(Data excerpt Opens)

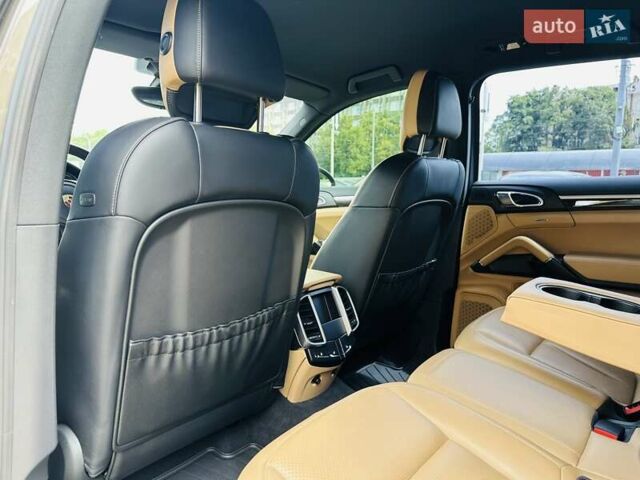Коричневый Порше Каен, объемом двигателя 3 л и пробегом 180 тыс. км за 26900 $, фото 24 на Automoto.ua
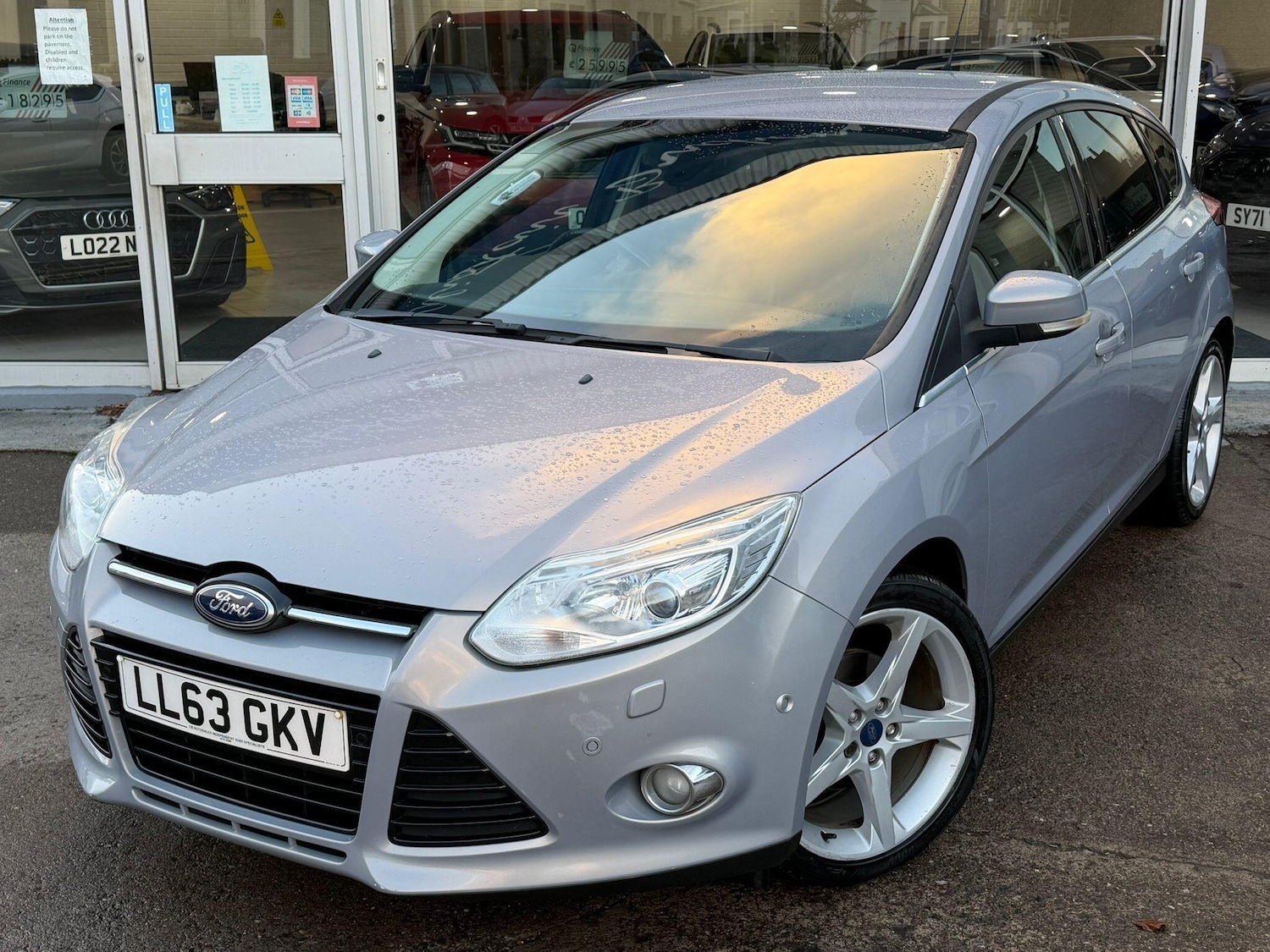 Used Ford Focus 2013 for sale - 76644854: Photo 5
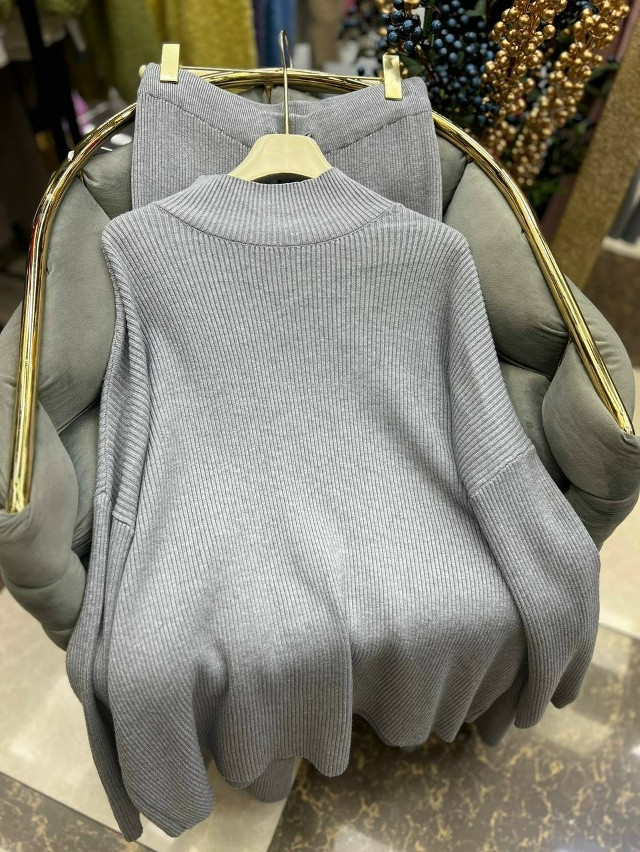 Купить Женский костюм серый оптом Садовод Интернет-каталог Садовод интернет-каталог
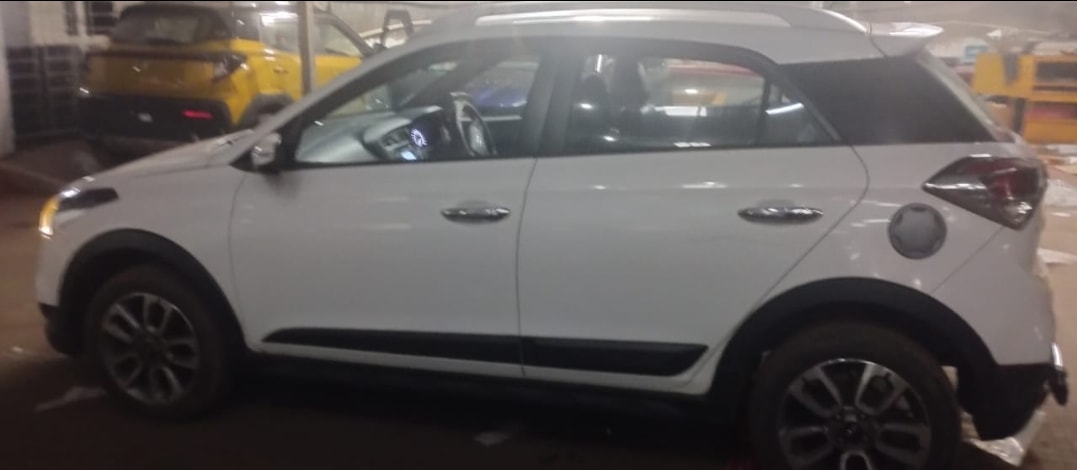 i20 Active image 2 i20 Active image 2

(Data excerpt Closes)

Hand back the data exactly as it appears, with all pictures cut.

Коричневый Порше Каен, объемом двигателя 3 л и пробегом 180 тыс. км за 26900 $, фото 24 на Automoto.ua
 Used Ford Focus 2013 for sale - 76644854: Photo 5
 Купить Женский костюм серый оптом Садовод Интернет-каталог Садовод интернет-каталог
 i20 Active image 2 i20 Active image 2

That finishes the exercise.